Tuesday, November 22, 2016

Visit and talk by Lars Lønsmann Iversen on antagonistic coevolution and polymorphisms in beetles

 


 
 
 Posted by Erik Svensson

For next week's EXEB-meeting, we will have a visitor by a collaborator of mine from Copenhagen University (Lars Lønsmann Iversen), who will present the results of some ongoing research on diving beetle polymorphisms and antagonistic co-evolution. Time and place of meeting as usual:
 
When: Tuesday, October 29 at 10.00
Where: "Darwin" seminar room, 2nd floor Ecology Building.
 
Fika will be served!
 
About  Lars Lønsmann Iversen
 
I am a postdoctoral research fellow at the Freshwater biology laboratory at The University of Copenhagen. I have a background as a spatial ecologist and entomologist working with different aspects of community assembly in freshwater habitats. Currently, most of my work addresses community and functional trait compositions along lake to pond gradients in plant communities and freshwater invertebrates.

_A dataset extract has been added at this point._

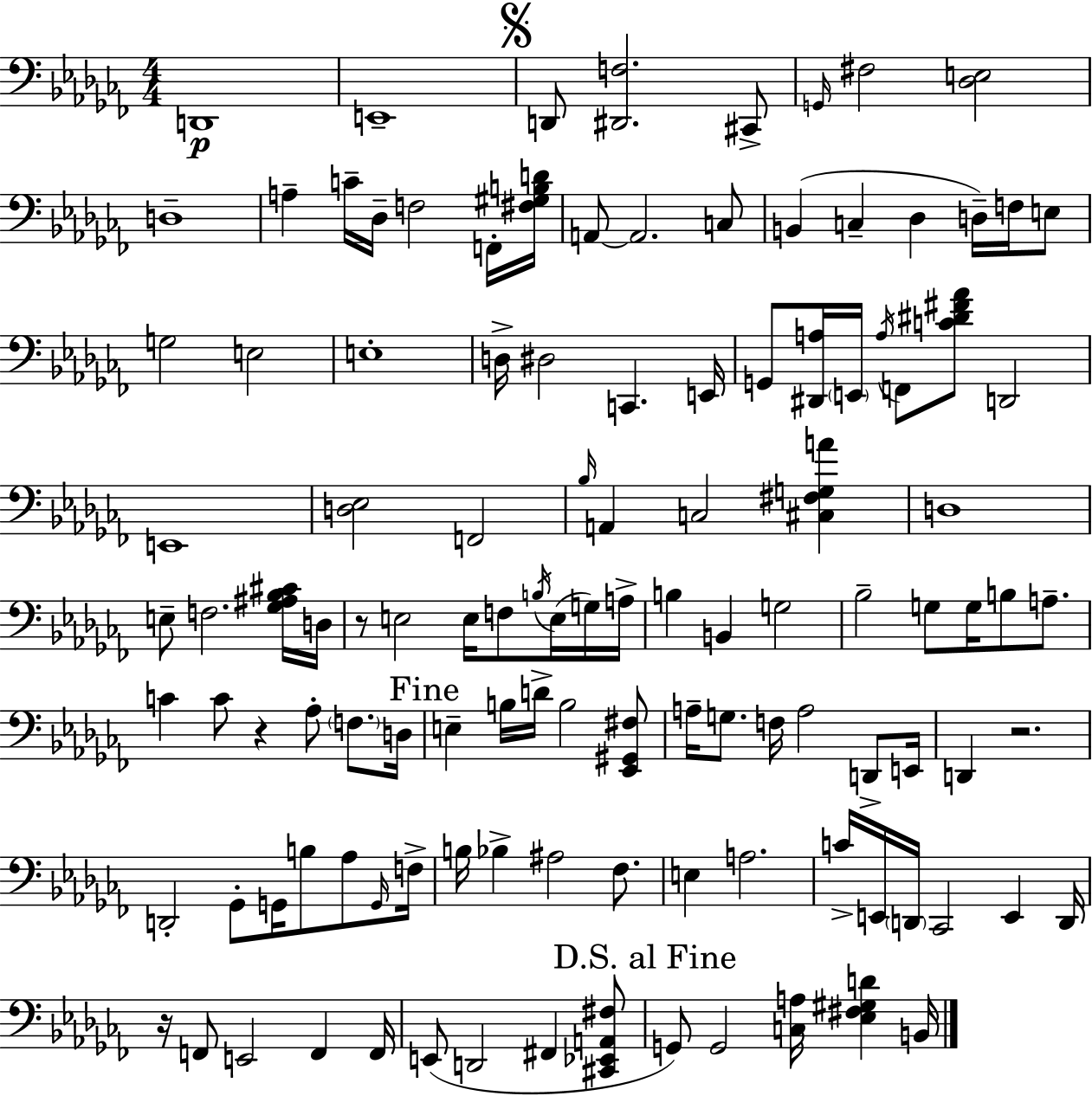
D2/w E2/w D2/e [D#2,F3]/h. C#2/e G2/s F#3/h [Db3,E3]/h D3/w A3/q C4/s Db3/s F3/h F2/s [F#3,G#3,B3,D4]/s A2/e A2/h. C3/e B2/q C3/q Db3/q D3/s F3/s E3/e G3/h E3/h E3/w D3/s D#3/h C2/q. E2/s G2/e [D#2,A3]/s E2/s A3/s F2/e [C4,D#4,F#4,Ab4]/e D2/h E2/w [D3,Eb3]/h F2/h Bb3/s A2/q C3/h [C#3,F#3,G3,A4]/q D3/w E3/e F3/h. [Gb3,A#3,Bb3,C#4]/s D3/s R/e E3/h E3/s F3/e B3/s E3/s G3/s A3/s B3/q B2/q G3/h Bb3/h G3/e G3/s B3/e A3/e. C4/q C4/e R/q Ab3/e F3/e. D3/s E3/q B3/s D4/s B3/h [Eb2,G#2,F#3]/e A3/s G3/e. F3/s A3/h D2/e E2/s D2/q R/h. D2/h Gb2/e G2/s B3/e Ab3/e G2/s F3/s B3/s Bb3/q A#3/h FES3/e. E3/q A3/h. C4/s E2/s D2/s CES2/h E2/q D2/s R/s F2/e E2/h F2/q F2/s E2/e D2/h F#2/q [C#2,Eb2,A2,F#3]/e G2/e G2/h [C3,A3]/s [Eb3,F#3,G#3,D4]/q B2/s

Can pairs of antagonistic traits create stable polymorphic populations?
 
The suction cups of male diving beetles (Dytiscidae) and the rough modifications on female beetles' elytra, is one of the few well known pair of antagonistic traits in the animal kingdom. It has been suggested that the interplay between these two traits might in some cases hold species at an evolutionary standstill, creating stable polymorphic populations. In this talk I will present some of our resent work on Swedish populations of the species Graphoderus zonatus, extending the current knowledge on the interaction between male and female antagonistic traits. By studying the male suction cup morphology along a female elytra morph frequency gradient, we are able to show that the dimorphic antagonistic trait of the female is met by a dimorphic trait of the male suction cups. Male and female morphs follow a near 1:1 relationship along the studied morph frequency gradient. But, form did not follow function of the male suction cups and there was no difference in mating abilities between the two morph types on females with rough elytra. This suggests an adaptive lag in the males counter adaptive trait to rough female elytra structure. Our results confirm that within Graphoderus zonatus populations, the occurrence of antagonistic traits is closely balanced between sexes. However, we find very little evidence of stable polymorphic populations due to sexual conflicts and in our case study, polymorphic populations might very well be a transitional stage moving toward stable monomorphic populations.